Pottié-Sperry me téléphonant pour me commander un exemplaire du Lycosthenes (édit.Slatkine), tout en formulant ses réserves sur mon hypothèse, me confia qu’il allait me donner un argument pour celle-ci :

" Il y a bien de la main de Montaigne, me dit-il, un des pour un de dans le fac-simile des Epistres dorées de Guevara (1588) ...

ce livre... est un des ceux qui le plus ma fait plaisir... in (Bulletin du Bibliophile 1997 A la recherche de la "librairie" de Montaigne p.275). Cette anomalie l’avait assez troublé pour qu’il en parlât aussi à un libraire parisien, lequel me le signala au printemps 2004.

On trouve aussi ... des toujours... in N. Gilles (Arm. XII p.57) :

Il met ceus ci à part, parce qu’ils etoënt des toujours demurès au roë d’Angleterre.

Il est vrai qu’Armaingaud interprète les mots comme dès toujours avec l’accent, ce qui est possible, mais pas nécessaire. L’expression se trouve aussi dans les Essais 87 A ... dequoy je me soy des toujours plus entretenu... et 1044 C.. par une façon que j’ay dés toujours de fuir...

Mais dans ce dernier cas je ne vois pas l’accent sur le fac-simile. De toute façon Montaigne comme le scripteur se préoccupe peu d’accents ! Je ne signale donc cette dernière occurrence que pour attirer éventuellement l’attention sur cette expression dès toujours/des toujours et la possibilité d’interpréter ce des toujours comme aussi un de toujours...

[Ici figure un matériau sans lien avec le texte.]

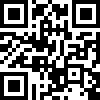 https://zh.abna24.com/xcngX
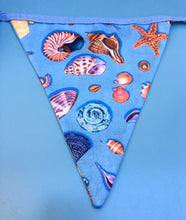 Hootchie Mama Bunting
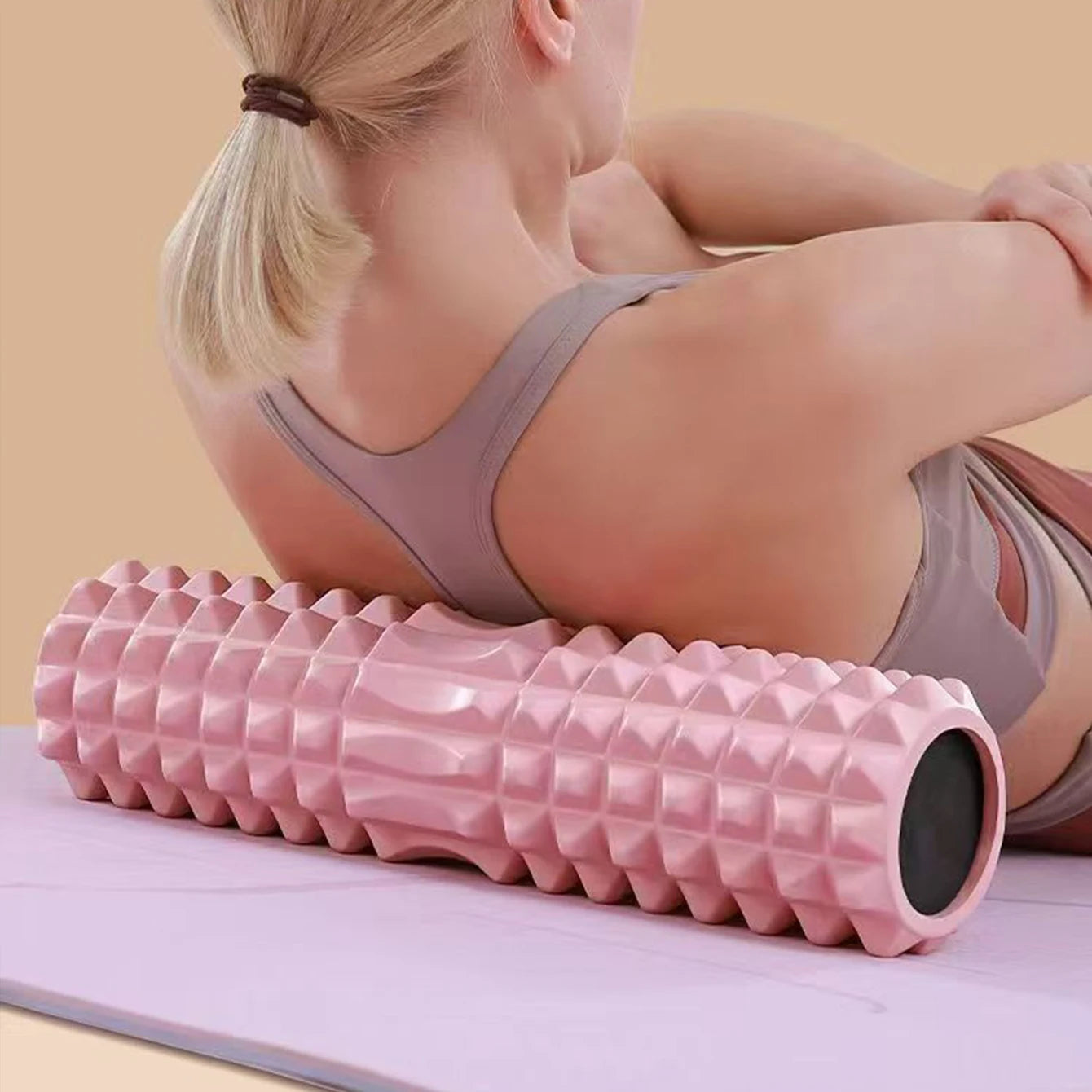 Foam Roller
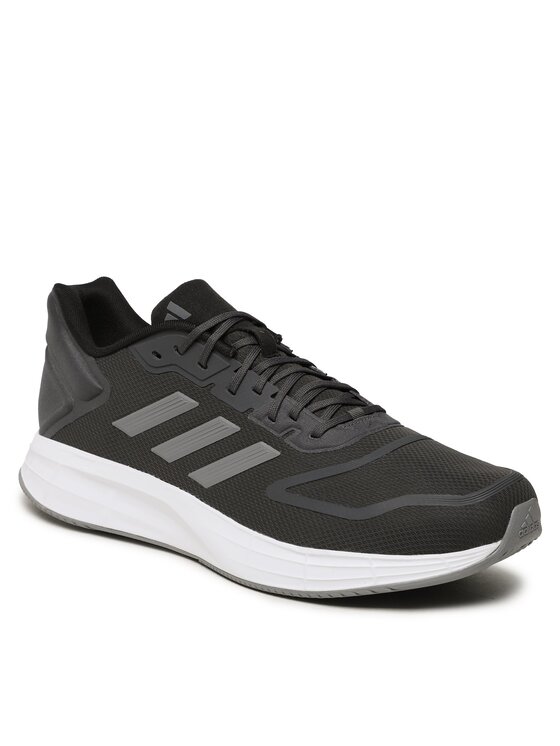 Scarpe Duramo 10 Shoes HP2380 Grigio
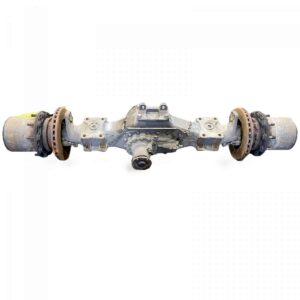 Axa motrică mercedes 0003500400 / a0003500400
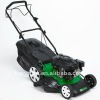 Petrol Lawn Mower(KTG-GLM1419-135S-013)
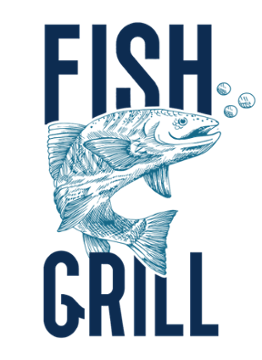 Fish Grill - Brooklyn 1267 Coney Island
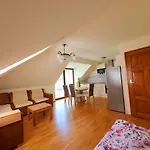 Apartment S. Gallen *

Quoi qu’il en soit les exemples précédents et de Montaigne et du scripteur sont irrécusables, ce qu’on ne peut à mon sens interpréter comme un lapsus chaque fois et de l’un et de l’autre. Et, même dans ce cas, ce lapsus conjoint serait encore plus significatif de leur identité.

Signalons au passage qu’on ne trouve jamais, me semble-t-il, l’orthographe roë dans les Essais, de quoi nous inciter à une très grande prudence dans l’expertise paléographique, en tenant compte des supports, de la chronologie, de l’ergonomie, et des destinataires.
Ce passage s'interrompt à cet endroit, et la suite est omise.